What you are asked to do
Copy the data verbatim and leave out every picture.

Top of Stored data

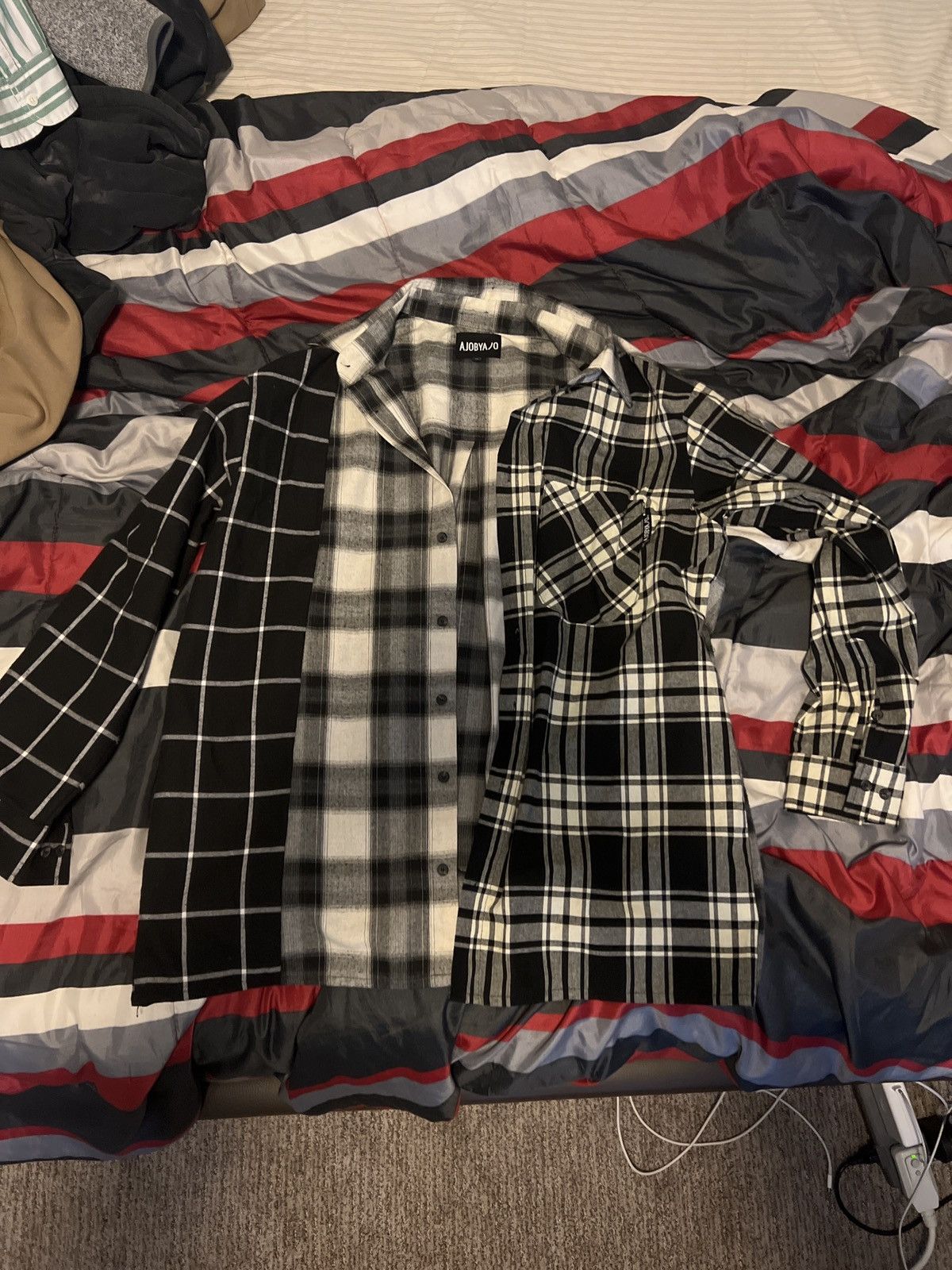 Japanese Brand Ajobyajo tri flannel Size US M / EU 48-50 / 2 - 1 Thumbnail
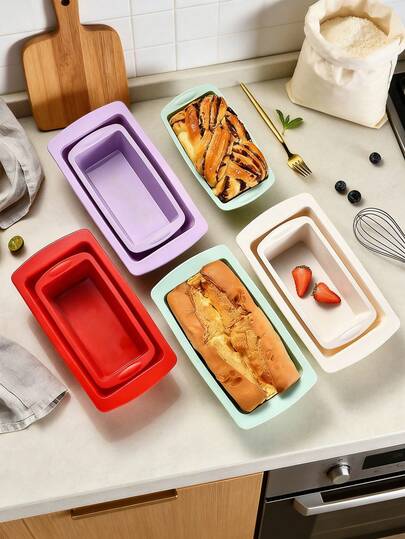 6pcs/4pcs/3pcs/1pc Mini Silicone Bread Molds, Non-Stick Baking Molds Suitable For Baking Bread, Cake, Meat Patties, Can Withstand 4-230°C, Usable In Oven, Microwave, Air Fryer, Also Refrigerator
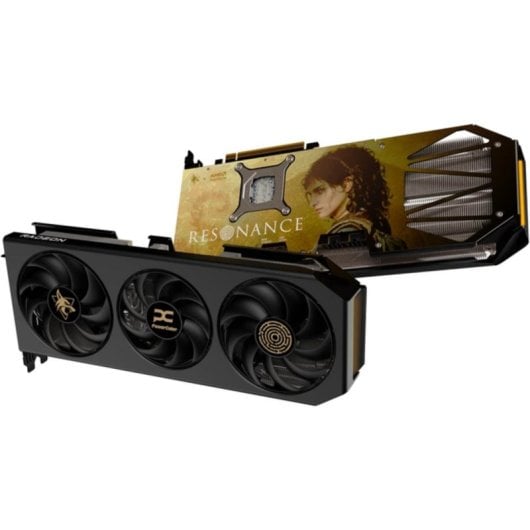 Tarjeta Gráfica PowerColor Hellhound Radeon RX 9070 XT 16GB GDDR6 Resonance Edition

Bottom of Stored data

Answer to this problem
 Japanese Brand Ajobyajo tri flannel Size US M / EU 48-50 / 2 - 1 Thumbnail
 6pcs/4pcs/3pcs/1pc Mini Silicone Bread Molds, Non-Stick Baking Molds Suitable For Baking Bread, Cake, Meat Patties, Can Withstand 4-230°C, Usable In Oven, Microwave, Air Fryer, Also Refrigerator
 Tarjeta Gráfica PowerColor Hellhound Radeon RX 9070 XT 16GB GDDR6 Resonance Edition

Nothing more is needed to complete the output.